Elasticsearch data loader

Here’s a TypeScript data loader that queries an Elasticsearch cluster.

import { csvFormat } from "d3-dsv";
import { esClient } from "./es_client.js";

interface AggsResponseFormat {
  logs_histogram: {
    buckets: Array<{
      key: number;
      key_as_string: string;
      doc_count: number;
      response_code: {
        buckets: Array<{ key: string; doc_count: number }>;
      };
    }>;
  };
}

interface LoaderOutputFormat {
  date: string;
  count: number;
  response_code: string;
}

const resp = await esClient.search<unknown, AggsResponseFormat>({
  index: "kibana_sample_data_logs",
  size: 0,
  aggs: {
    logs_histogram: {
      date_histogram: {
        field: "@timestamp",
        calendar_interval: "1d",
      },
      aggs: {
        response_code: {
          terms: {
            field: "response.keyword",
          },
        },
      },
    },
  },
});

process.stdout.write(
  csvFormat(
    // This transforms the nested response from Elasticsearch into a flat array.
    resp.aggregations!.logs_histogram.buckets.reduce<Array<LoaderOutputFormat>>(
      (p, c) => {
        p.push(
          ...c.response_code.buckets.map((d) => ({
            // Just keep the date from the full ISO string.
            date: c.key_as_string.split("T")[0],
            count: d.doc_count,
            response_code: d.key,
          })),
        );

        return p;
      },
      [],
    ),
  ),
);

The data loader uses a helper file, es_client.ts, which provides a wrapper on the @elastic/elasticsearch package.
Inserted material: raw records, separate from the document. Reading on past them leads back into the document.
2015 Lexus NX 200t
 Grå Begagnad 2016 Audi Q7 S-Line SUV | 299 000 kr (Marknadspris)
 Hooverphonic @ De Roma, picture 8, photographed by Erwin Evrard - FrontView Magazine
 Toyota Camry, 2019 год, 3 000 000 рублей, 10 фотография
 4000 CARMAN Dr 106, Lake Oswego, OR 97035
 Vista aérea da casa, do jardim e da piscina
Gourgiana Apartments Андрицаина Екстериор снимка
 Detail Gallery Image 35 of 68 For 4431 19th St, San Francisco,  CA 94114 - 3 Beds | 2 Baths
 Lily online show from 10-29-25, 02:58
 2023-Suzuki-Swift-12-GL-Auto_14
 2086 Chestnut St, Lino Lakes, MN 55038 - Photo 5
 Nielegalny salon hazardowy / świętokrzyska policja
This reduces the amount of boilerplate you need to write to issue a query.

import "dotenv/config";
import { Client } from "@elastic/elasticsearch";

// Have a look at the "Getting started" guide of the Elasticsearch node.js client
// to learn more about how to configure these environment variables:
// https://www.elastic.co/guide/en/elasticsearch/client/javascript-api/current/getting-started-js.html

const {
  // ES_NODE can include the username and password in the URL, e.g.:
  // ES_NODE=https://<USERNAME>:<PASSWORD>@<HOST>:9200
  ES_NODE,
  // As an alternative to ES_NODE when using Elastic Cloud, you can use ES_CLOUD_ID and
  // set it to the Cloud ID that you can find in the cloud console of the deployment (https://cloud.elastic.co/).
  ES_CLOUD_ID,
  // ES_API_KEY can be used instead of username and password.
  // The API key will take precedence if both are set.
  ES_API_KEY,
  ES_USERNAME,
  ES_PASSWORD,
  // the fingerprint (SHA256) of the CA certificate that is used to sign
  // the certificate that the Elasticsearch node presents for TLS.
  ES_CA_FINGERPRINT,
  // Warning: This option should be considered an insecure workaround for local development only.
  // You may wish to specify a self-signed certificate rather than disabling certificate verification.
  // ES_UNSAFE_TLS_REJECT_UNAUTHORIZED can be set to FALSE to disable certificate verification.
  // See https://www.elastic.co/guide/en/elasticsearch/client/javascript-api/current/client-connecting.html#auth-tls for more.
  ES_UNSAFE_TLS_REJECT_UNAUTHORIZED,
} = process.env;

if ((!ES_NODE && !ES_CLOUD_ID) || (ES_NODE && ES_CLOUD_ID))
  throw new Error(
    "Either ES_NODE or ES_CLOUD_ID need to be defined, but not both.",
  );

const esUrl = ES_NODE ? new URL(ES_NODE) : undefined;
const isHTTPS = esUrl?.protocol === "https:";
const isLocalhost = esUrl?.hostname === "localhost";

export const esClient = new Client({
  ...(ES_NODE ? { node: ES_NODE } : {}),
  ...(ES_CLOUD_ID ? { cloud: { id: ES_CLOUD_ID } } : {}),
  ...(ES_CA_FINGERPRINT ? { caFingerprint: ES_CA_FINGERPRINT } : {}),
  ...(ES_API_KEY
    ? {
        auth: {
          apiKey: ES_API_KEY,
        },
      }
    : {}),
  ...(!ES_API_KEY && ES_USERNAME && ES_PASSWORD
    ? {
        auth: {
          username: ES_USERNAME,
          password: ES_PASSWORD,
        },
      }
    : {}),
  ...(isHTTPS &&
  isLocalhost &&
  ES_UNSAFE_TLS_REJECT_UNAUTHORIZED?.toLowerCase() === "false"
    ? {
        tls: {
          rejectUnauthorized: false,
        },
      }
    : {}),
});

To run this data loader, you’ll need to install @elastic/elasticsearch, d3-dsv and dotenv using your preferred package manager such as npm or Yarn.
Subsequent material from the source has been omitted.